The first time I was introduced to “magic eye” posters I just didn’t get them. Hardly art, they looked like a complete train wreck of reds and yellows and oranges with just the barest hint of some order in the wavy lines and repetitive patterns. “Focus your eyes on a point about 2 feet past the poster,” I was told.
Several minutes later, I was finally ready to stop “controlling” what I was seeing, and the underlying pattern began to emerge. Sheep! And a rolling hillside! And a single puff of a cloud! It had been in front of me all along, waiting in the third dimension while I fumbled about in my two-dimensional world.
The discovery was sweet—a victory of believing over seeing. The world I thought was manifestly flat actually turned out to be round! I saw into the picture and discovered a new level of truth and reality.
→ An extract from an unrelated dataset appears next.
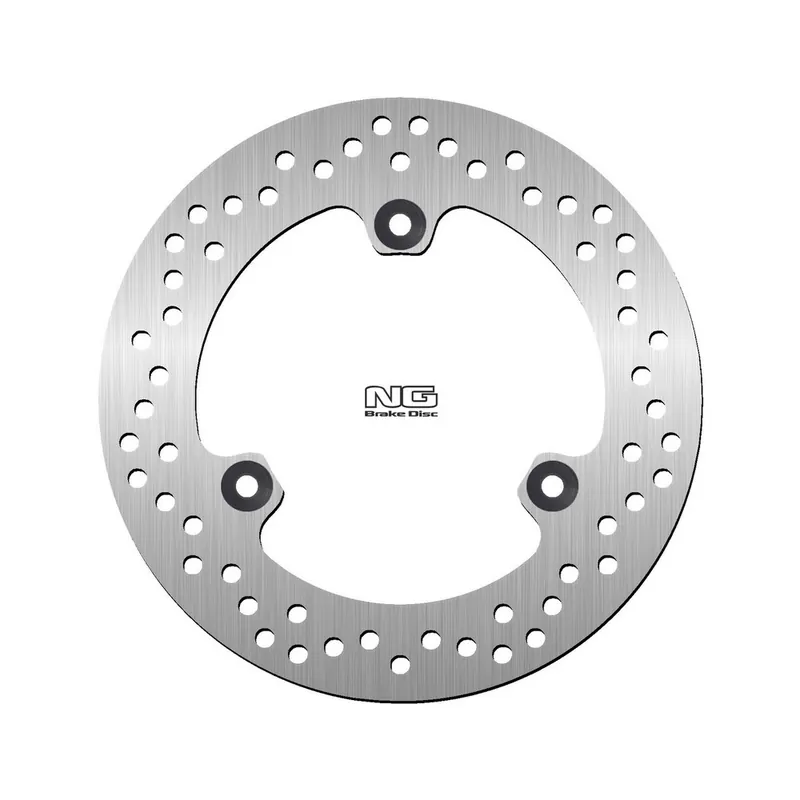 Disque de frein NG BRAKES fixe – 1574 Affaire À Saisir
The thief hanging on the cross alongside Jesus saw something the first thief couldn’t. “This man has done no wrong,” he said. “Lord, remember me when you come into your kingdom” (Luke 23:41-42). What appeared to the first thief to be nothing more than a two-dimensional world of crime and punishment had within it another truth and a profound reality—for those who would look and see.
The second thief looked deeply into the moment and saw more than a cross—he saw a throne. He saw more than a common criminal—he saw an uncommon king. He saw a world built not around brutish justice but gentle mercy. He didn’t see defeat, but victory; no anger, only love. There was no death, just the affirmation of life.
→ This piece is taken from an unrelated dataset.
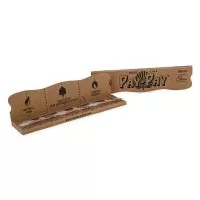 PAY-PAY ORIGIN - KING SIZE | A Loja da Maria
Jeremiah got it. He looked deeply into the picture of the future and saw that a new shepherd would arise for the people. Paul got it. He looked into the man Jesus and saw the triumphant Christ. He saw Godhead and pre-eminence; he saw victory and hope.
The world I look at, even still, appears often to be two-dimensional and nearly pointless. It can seem void of depth and purpose. It’s only the eyes of faith and the colors of grace that bring to life the marvel that is actually there. Christ is King, and his rule of gentleness and mercy has rewritten the truth about everything.